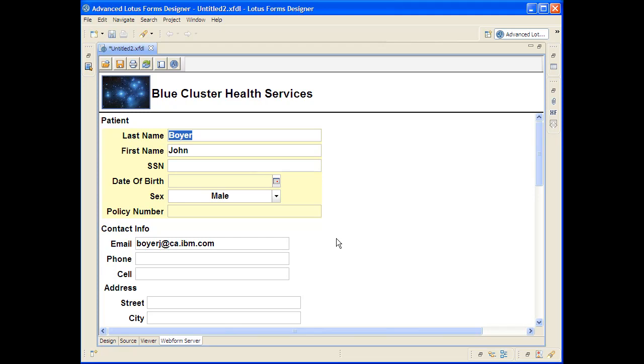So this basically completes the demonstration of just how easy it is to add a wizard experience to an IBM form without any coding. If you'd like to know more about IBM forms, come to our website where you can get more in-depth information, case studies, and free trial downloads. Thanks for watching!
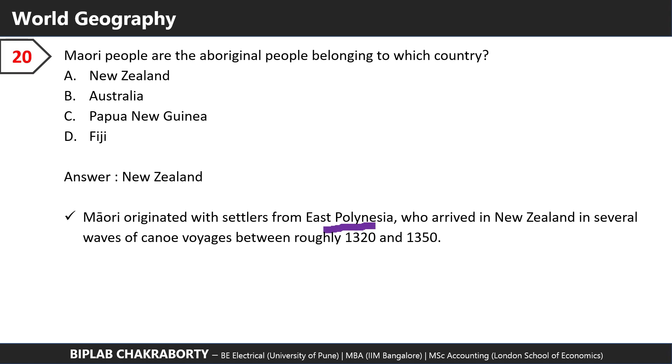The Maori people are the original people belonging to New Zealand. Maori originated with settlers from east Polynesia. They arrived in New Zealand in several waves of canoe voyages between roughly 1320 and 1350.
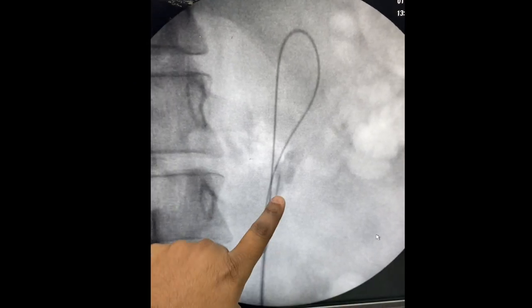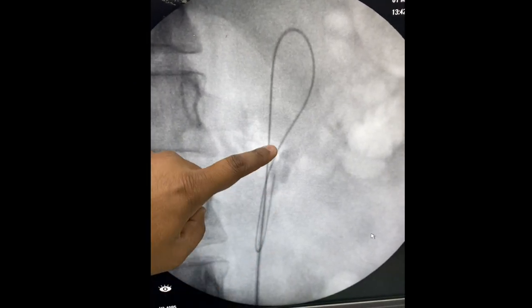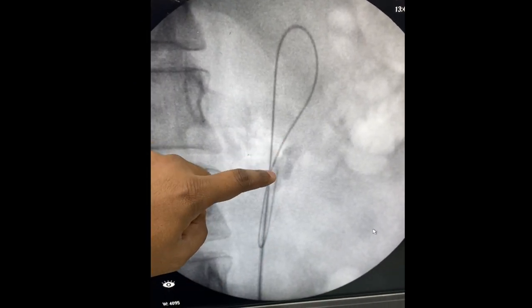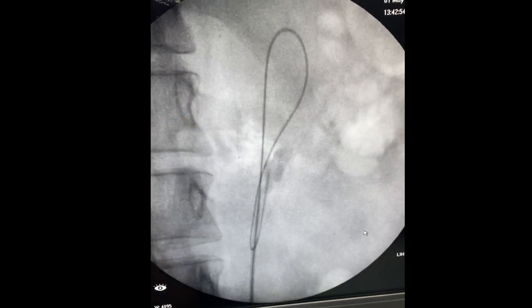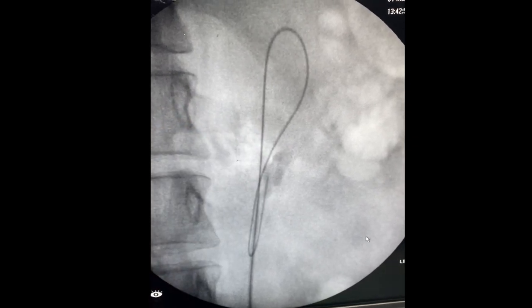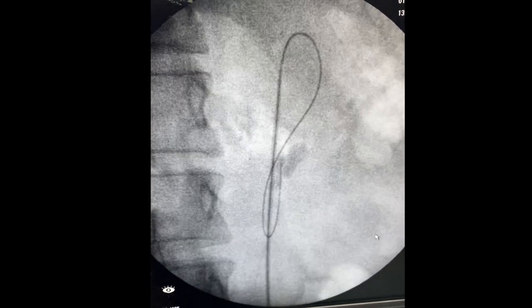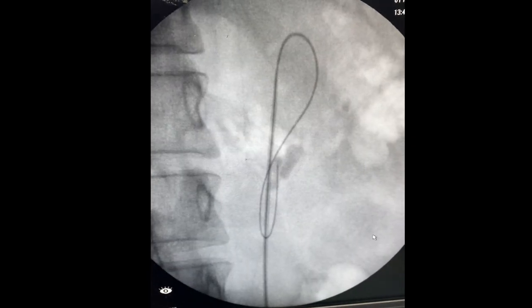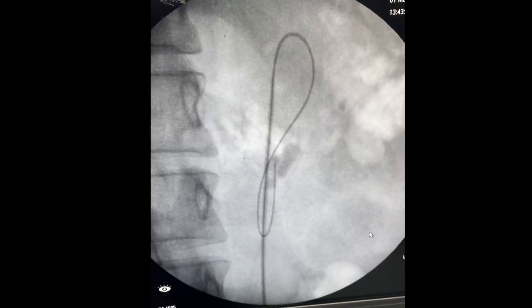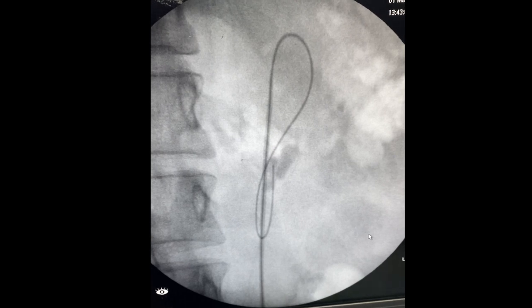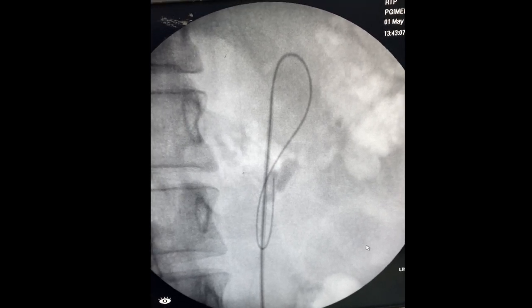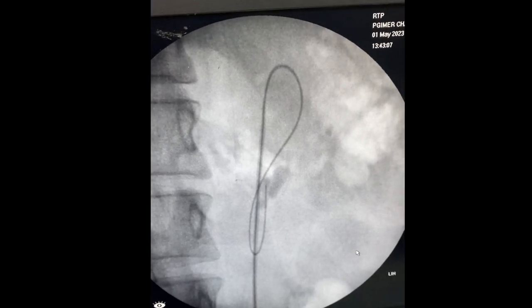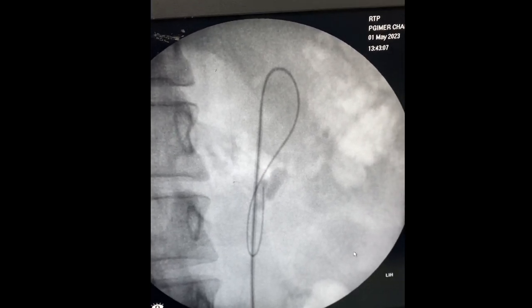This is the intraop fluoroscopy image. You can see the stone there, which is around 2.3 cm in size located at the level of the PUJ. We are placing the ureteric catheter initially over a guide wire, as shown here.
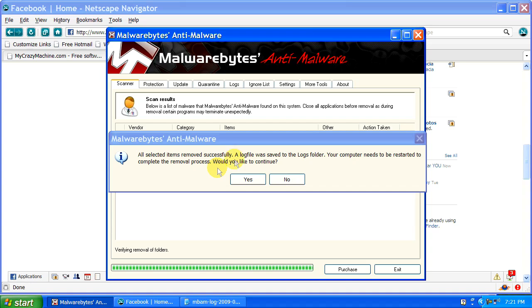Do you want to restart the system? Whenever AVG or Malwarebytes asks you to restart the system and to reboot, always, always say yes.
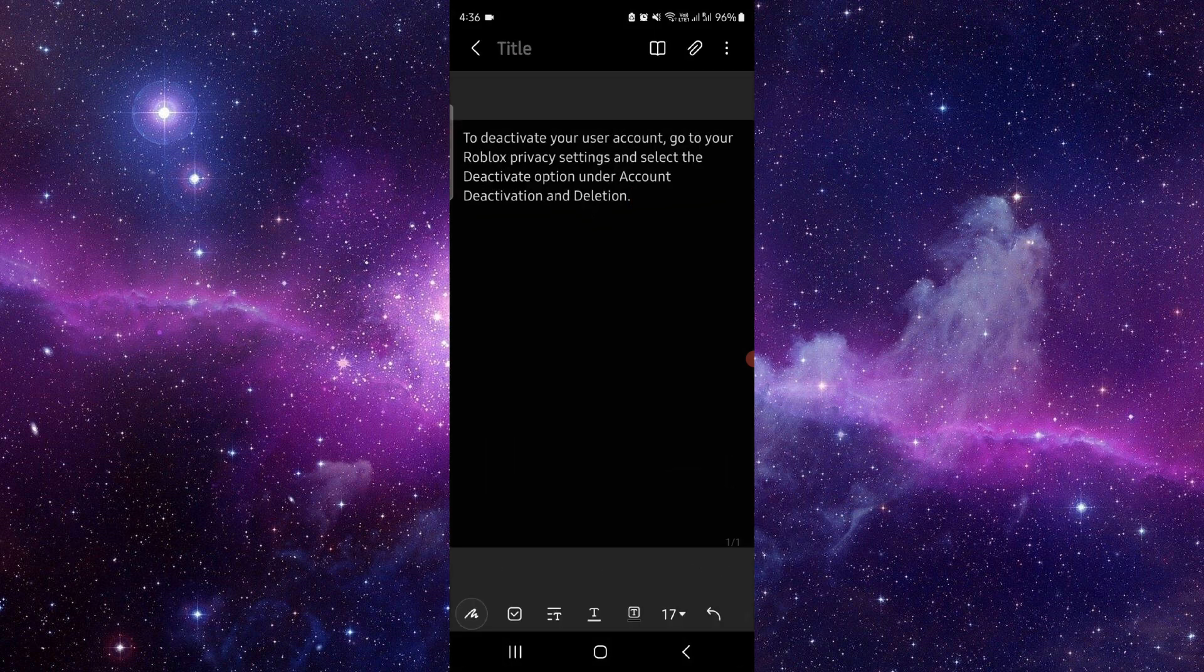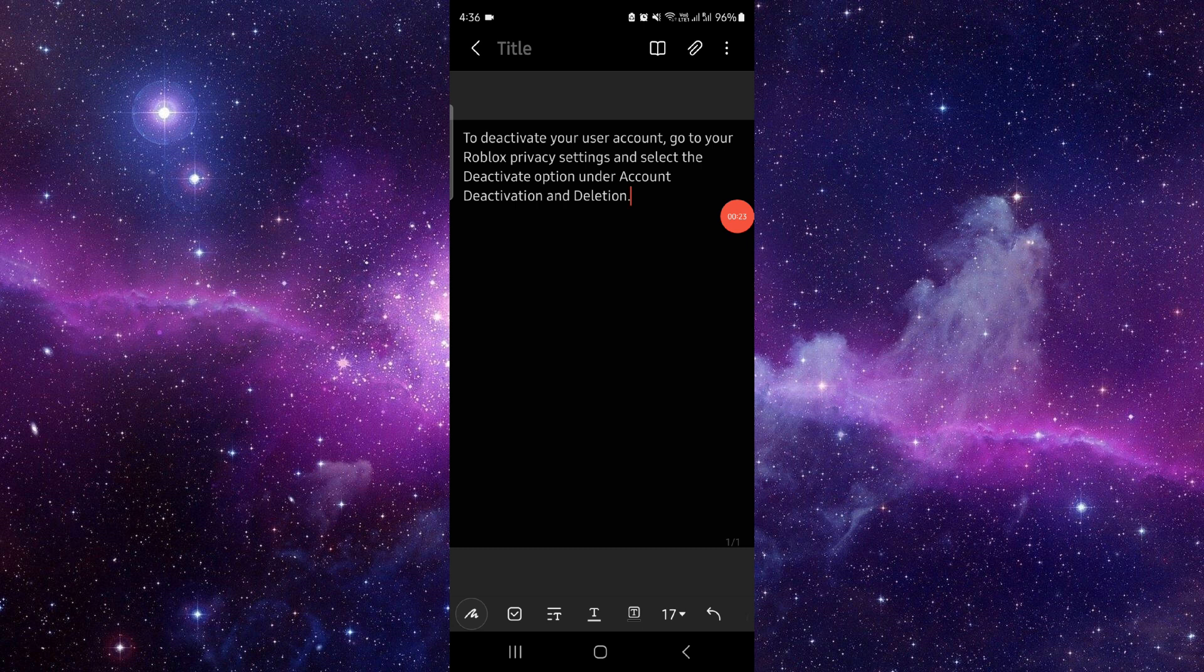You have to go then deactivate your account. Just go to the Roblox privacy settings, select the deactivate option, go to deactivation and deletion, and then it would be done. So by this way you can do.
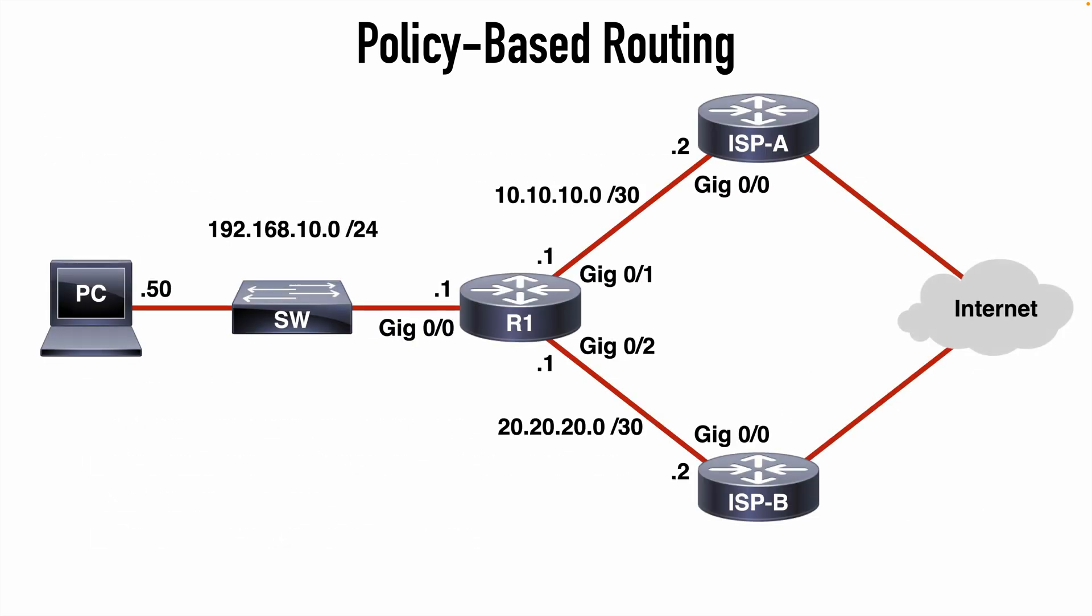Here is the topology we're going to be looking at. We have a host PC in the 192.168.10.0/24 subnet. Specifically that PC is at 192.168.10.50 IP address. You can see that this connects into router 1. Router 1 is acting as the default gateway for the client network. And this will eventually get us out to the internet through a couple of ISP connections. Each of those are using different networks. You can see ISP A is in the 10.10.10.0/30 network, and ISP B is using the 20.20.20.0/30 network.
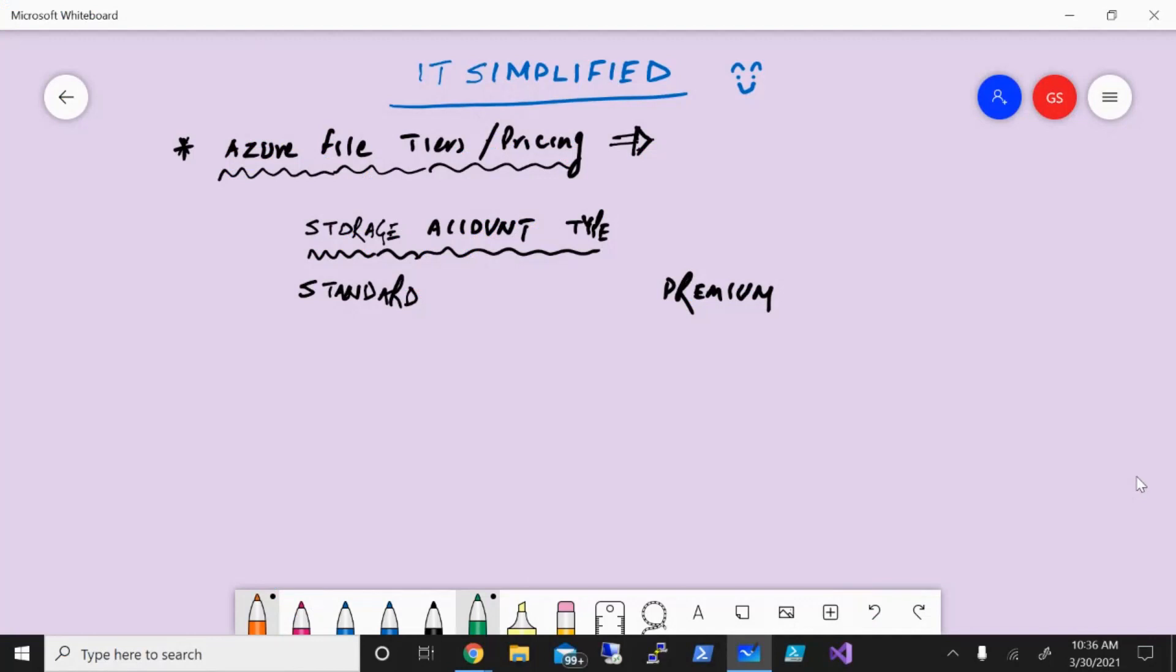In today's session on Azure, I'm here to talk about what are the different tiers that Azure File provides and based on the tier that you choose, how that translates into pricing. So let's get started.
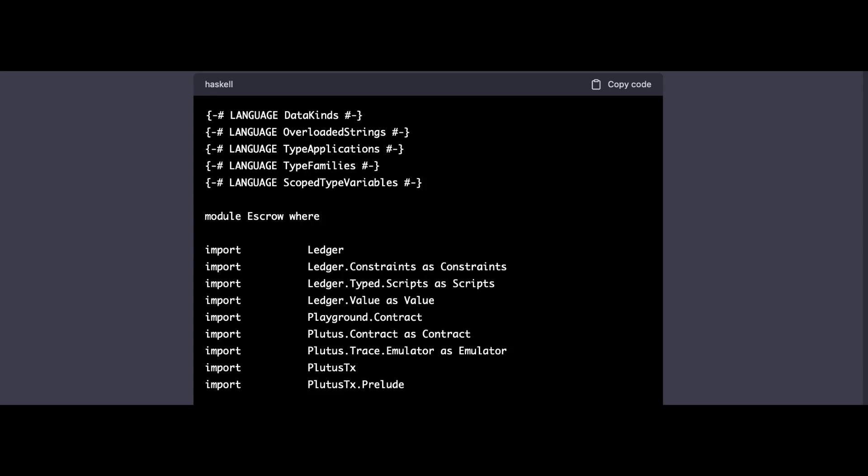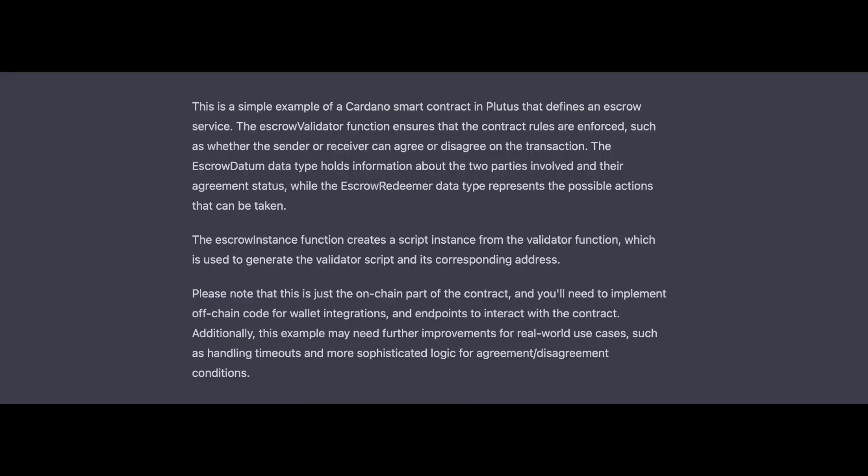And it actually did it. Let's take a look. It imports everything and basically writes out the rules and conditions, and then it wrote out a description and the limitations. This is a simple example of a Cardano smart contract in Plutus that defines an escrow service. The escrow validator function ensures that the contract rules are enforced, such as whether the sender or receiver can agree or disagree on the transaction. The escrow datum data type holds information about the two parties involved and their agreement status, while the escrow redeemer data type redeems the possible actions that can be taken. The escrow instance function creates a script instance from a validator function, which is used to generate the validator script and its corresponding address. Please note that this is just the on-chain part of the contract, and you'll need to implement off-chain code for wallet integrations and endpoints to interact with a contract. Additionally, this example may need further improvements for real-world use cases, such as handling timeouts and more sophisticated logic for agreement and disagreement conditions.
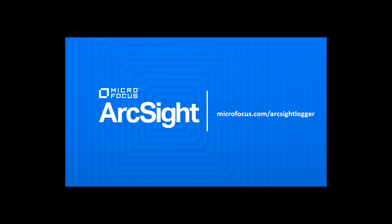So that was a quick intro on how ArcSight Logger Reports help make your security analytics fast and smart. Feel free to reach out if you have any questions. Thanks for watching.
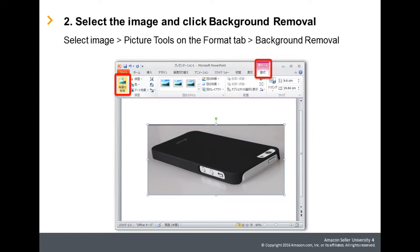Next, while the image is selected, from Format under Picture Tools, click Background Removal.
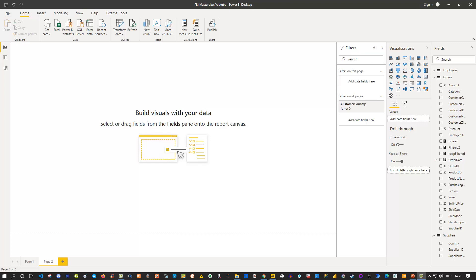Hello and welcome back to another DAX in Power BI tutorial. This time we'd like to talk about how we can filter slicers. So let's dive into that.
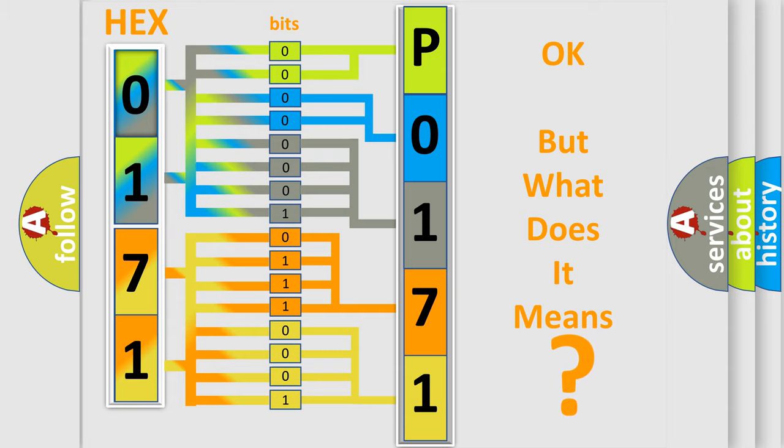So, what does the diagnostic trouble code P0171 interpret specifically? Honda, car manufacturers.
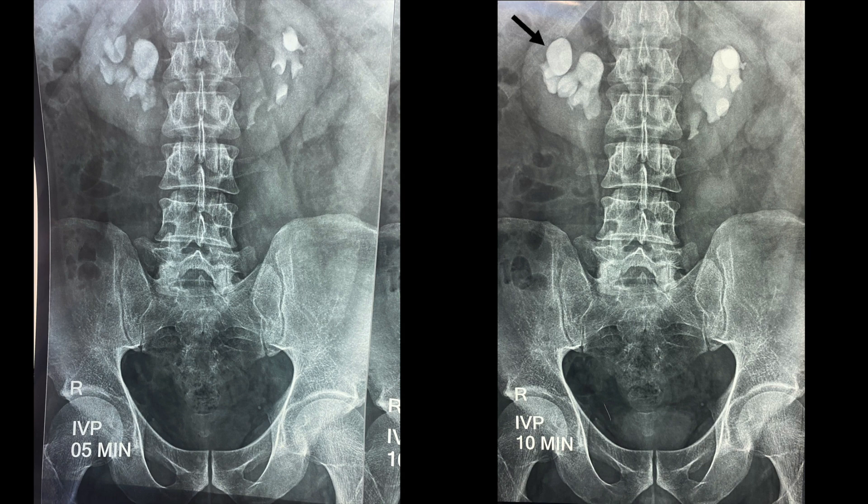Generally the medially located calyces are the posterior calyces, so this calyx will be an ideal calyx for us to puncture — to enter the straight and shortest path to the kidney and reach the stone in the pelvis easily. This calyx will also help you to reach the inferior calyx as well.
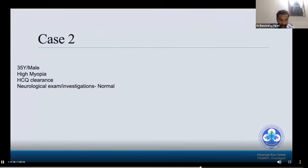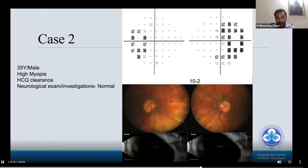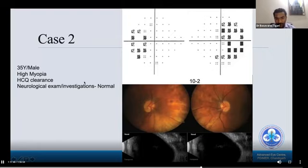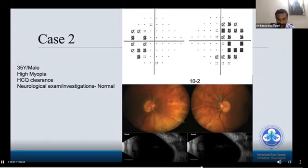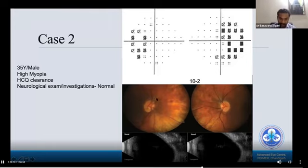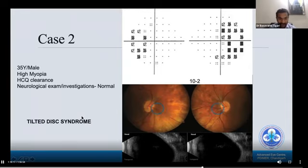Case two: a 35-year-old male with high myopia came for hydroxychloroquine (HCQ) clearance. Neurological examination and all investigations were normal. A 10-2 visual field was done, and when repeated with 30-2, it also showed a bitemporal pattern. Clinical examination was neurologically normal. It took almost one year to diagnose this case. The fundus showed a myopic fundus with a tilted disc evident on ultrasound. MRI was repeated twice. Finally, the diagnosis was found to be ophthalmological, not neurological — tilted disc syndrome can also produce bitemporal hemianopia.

● ● ●

**YOUR GOAL**
Going by the entries above, repeat exactly the lines that start at the line with "Next, while the" and go on through the line with "Generally the medially". Pictures are not part of the copy.

**YOUR RESPONSE**
Next, while the image is selected, from Format under Picture Tools, click Background Removal.
Hello and welcome back to another DAX in Power BI tutorial. This time we'd like to talk about how we can filter slicers. So let's dive into that.
So, what does the diagnostic trouble code P0171 interpret specifically? Honda, car manufacturers.
Generally the medially located calyces are the posterior calyces, so this calyx will be an ideal calyx for us to puncture — to enter the straight and shortest path to the kidney and reach the stone in the pelvis easily. This calyx will also help you to reach the inferior calyx as well.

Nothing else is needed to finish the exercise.